2022-02-23 Thread Gyepi SAM


The C functions strtol and strtod would seem to be canonical
for this problem.  Accessible through the POSIX module, they
can handle large numbers, a wide range of representations, and
provide both domain and range error checking.

You could use a regex like /^\s*(-|\+)?0(.)/ to match binary, octal,
and hex representations but octal has an implicit base that will need to be
accounted for.  Solving for that makes the regex unnecessary.

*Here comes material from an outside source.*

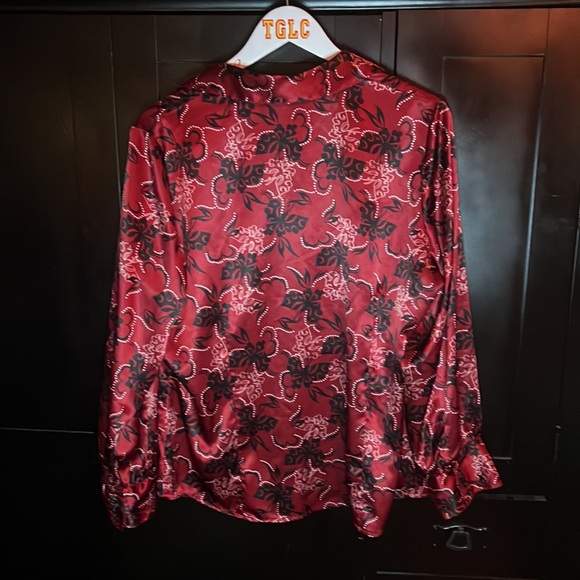 Button up top - Picture 2 of 2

After parsing the first few bytes to extract the sign and base into components*,
the rest falls into place:

sub parse
extract input into sign, base, and str_val
convert str_val to numeric value using strto[dl]
handle errors # See man POSIX::strto[dl] 
negate numeric value if sign eq '-'
return numeric value

* Extracting the sign and base will necessarily require a position variable.
Let's call it $i.  The final value for $i can be used to extract the
(absolute) numeric part of the input value with substr($str_val, $i)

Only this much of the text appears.